Project Summary/Abstract This R01 entitled, “Development and characterization of engineered therapeutic antibodies against SARS-CoV- 2”, builds on our project infrastructure, expertise, and experience in characterizing viral-host factor interactions in negative strand RNA viruses. Since originating in China, SARS-CoV-2 has since rapidly spread and is now a global pandemic. Significant concerns are that humans are immunologically naïve, and there are no available therapies. In the US, the disease has already overwhelmed the healthcare system in some states and have a serious knock-on effect in exacerbating the standard of care for other diseases. At the time of writing, nearly 5 million cases and >160,000 deaths have been attributed to COVID-19. The virus replicates in the lungs and causes a severe respiratory disease, COVID-19, which is fatal in >2% of cases. Neutralizing antibodies (nAbs) generated by natural infection or vaccines is known to control many infections and early studies in the current COVID-19 pandemic, including studies to test convalescent plasma treatments, are promising. These studies highlight the potential significance of nAb-based therapy. While IgG format of nAbs have long been the most extensively used format, early studies, including our own suggest that additional multivalent formats of nAbs may be more effective. This provides an innovative method to develop nAbs while acquiring potential benefits from effective neutralization at lower doses and lower likelihood of the emergence of resistance mutants. SARS-CoV- 2 is a single stranded, non-segmented, enveloped RNA virus. Viral infection requires interaction of the spike glycoprotein receptor binding domain (RBD) to the host receptor ACE2. Here, we will build on newly developed and established approaches that have been optimized through our work other systems to generate antibodies targeting spike and spike RBD using phage display technology and characterize their physical properties. We will engineer antibodies with increased valency and test for potency in in vitro neutralization assays and in vivo efficacy in a mouse model. At the completion, we expect to provide innovative and unique multivalent nAb leads with unique characteristics that will rival the best in class IgG drugs.
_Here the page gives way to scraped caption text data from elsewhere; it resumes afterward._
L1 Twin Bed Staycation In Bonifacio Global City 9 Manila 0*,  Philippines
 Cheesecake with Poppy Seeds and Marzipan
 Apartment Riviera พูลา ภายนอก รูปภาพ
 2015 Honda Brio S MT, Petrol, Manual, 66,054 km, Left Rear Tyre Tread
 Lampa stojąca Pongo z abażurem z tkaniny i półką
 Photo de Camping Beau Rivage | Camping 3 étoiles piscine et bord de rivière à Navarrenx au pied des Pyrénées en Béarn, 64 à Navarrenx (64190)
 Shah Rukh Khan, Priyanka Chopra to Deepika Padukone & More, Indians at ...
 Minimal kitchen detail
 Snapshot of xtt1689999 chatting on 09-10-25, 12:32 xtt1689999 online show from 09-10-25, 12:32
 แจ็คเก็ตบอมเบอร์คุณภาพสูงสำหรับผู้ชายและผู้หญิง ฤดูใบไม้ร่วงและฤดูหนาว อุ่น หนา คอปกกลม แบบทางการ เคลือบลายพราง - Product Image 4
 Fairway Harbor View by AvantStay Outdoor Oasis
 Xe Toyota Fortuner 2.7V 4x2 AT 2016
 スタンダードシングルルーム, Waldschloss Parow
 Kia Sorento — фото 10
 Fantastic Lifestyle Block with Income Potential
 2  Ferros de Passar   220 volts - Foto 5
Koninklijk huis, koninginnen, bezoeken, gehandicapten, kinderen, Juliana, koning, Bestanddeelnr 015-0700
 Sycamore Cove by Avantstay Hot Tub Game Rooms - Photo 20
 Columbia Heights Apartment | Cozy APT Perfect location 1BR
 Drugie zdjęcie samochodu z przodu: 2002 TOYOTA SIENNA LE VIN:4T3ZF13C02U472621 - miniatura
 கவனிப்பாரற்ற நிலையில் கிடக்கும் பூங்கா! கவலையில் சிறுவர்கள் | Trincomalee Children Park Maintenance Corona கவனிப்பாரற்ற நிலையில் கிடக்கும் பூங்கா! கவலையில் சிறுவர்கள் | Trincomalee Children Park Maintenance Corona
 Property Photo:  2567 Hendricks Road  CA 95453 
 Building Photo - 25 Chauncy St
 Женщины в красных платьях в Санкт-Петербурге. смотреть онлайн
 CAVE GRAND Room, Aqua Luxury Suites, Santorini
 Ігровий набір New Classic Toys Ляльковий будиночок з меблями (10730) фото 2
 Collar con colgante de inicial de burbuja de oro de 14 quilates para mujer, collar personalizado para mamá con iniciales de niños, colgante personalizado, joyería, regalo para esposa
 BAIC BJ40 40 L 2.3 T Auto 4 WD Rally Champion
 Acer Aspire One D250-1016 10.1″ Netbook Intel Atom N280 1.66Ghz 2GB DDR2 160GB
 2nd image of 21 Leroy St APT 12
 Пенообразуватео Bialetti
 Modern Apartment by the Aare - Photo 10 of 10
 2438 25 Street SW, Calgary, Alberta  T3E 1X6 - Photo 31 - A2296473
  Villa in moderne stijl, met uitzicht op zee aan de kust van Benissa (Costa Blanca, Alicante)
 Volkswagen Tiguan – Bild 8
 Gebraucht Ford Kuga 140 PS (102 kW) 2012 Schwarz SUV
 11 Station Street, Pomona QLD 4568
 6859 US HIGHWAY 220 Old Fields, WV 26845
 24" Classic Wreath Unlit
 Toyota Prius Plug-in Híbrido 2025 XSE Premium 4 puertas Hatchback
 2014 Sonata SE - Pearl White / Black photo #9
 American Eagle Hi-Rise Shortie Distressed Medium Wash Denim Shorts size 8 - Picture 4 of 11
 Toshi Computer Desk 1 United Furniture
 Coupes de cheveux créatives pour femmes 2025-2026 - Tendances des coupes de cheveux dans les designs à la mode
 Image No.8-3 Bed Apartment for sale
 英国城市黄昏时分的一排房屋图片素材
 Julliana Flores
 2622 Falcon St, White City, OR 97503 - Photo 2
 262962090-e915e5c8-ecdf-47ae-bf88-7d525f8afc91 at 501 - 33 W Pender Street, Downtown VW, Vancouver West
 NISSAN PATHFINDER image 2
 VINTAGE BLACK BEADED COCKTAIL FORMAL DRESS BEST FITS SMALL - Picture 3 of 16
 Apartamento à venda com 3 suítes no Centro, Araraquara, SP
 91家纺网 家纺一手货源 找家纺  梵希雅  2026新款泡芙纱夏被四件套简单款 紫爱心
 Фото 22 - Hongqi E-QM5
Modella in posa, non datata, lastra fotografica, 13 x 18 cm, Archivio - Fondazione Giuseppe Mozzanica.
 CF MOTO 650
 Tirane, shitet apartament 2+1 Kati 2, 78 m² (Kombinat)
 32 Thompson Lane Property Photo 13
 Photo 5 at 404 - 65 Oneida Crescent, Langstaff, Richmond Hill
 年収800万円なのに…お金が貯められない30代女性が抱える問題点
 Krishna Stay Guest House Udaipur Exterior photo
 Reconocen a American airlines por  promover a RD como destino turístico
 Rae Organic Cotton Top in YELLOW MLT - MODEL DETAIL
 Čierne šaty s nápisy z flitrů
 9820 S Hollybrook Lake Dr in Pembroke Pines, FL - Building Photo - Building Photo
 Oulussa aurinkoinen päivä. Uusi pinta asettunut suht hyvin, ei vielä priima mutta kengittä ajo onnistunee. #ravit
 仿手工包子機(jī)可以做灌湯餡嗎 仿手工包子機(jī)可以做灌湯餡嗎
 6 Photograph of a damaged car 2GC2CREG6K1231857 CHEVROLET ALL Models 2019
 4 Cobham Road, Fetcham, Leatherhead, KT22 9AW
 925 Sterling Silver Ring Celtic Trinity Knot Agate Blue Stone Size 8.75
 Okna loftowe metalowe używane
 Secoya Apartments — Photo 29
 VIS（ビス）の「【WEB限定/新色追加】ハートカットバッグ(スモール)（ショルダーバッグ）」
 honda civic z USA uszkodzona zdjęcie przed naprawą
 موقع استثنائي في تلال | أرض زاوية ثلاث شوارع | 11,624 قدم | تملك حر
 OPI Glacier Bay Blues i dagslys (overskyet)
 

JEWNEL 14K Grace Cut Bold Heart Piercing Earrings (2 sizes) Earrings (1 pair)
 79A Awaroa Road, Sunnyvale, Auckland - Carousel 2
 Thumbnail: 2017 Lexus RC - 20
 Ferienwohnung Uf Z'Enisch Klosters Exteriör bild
项目概要/摘要 该 R01 的标题是“针对 SARS-CoV-的工程治疗抗体的开发和表征” 2”，建立在我们的项目基础设施、专业知识和表征病毒-宿主因素相互作用的经验之上 自从起源于中国以来，SARS-CoV-2 迅速传播，现已成为一种负链 RNA 病毒。 全球大流行的重大担忧是人类在免疫学上是幼稚的，并且没有可用的方法。 在美国，这种疾病已经让一些州的医疗系统不堪重负，并造成了严重的后果。 严重的连锁反应加剧了其他疾病的护理标准。 19 亿病例和超过 16 万人死亡归因于该病毒在肺部和肺部复制。 导致严重的呼吸道疾病 COVID-19，中和抗体 (nAb) 在 2% 以上的病例中是致命的。 已知自然感染或疫苗产生的病毒可以控制许多感染，并且当前的早期研究 COVID-19 大流行，包括测试恢复期血浆治疗的研究，这些研究都是有希望的。 强调了基于 nAb 的治疗的潜在意义，而 IgG 形式的 nAb 长期以来一直是最重要的。 常用的形式，早期研究，包括我们自己的建议，其他多价形式的 nAb 可能 这提供了一种开发 nAb 的创新方法，同时从中获得潜在的好处。 以较低剂量有效中和，并降低出现耐药突变体的可能性。 2是单链、不分段、有包膜的RNA病毒，病毒感染需要刺突的相互作用。 宿主受体 ACE2 的糖蛋白受体结合域 (RBD) 在这里，我们将在新开发的基础上进行构建。 并通过我们的工作和其他系统优化的既定方法来生成抗体 使用噬菌体展示技术靶向刺突和刺突 RBD 并表征其物理特性。 将设计具有更高效价的抗体，并在体外中和测定和体内测试效力 完成后，我们期望提供创新且独特的多价 nAb 引线。 具有可与同类最佳 IgG 药物相媲美的独特特性。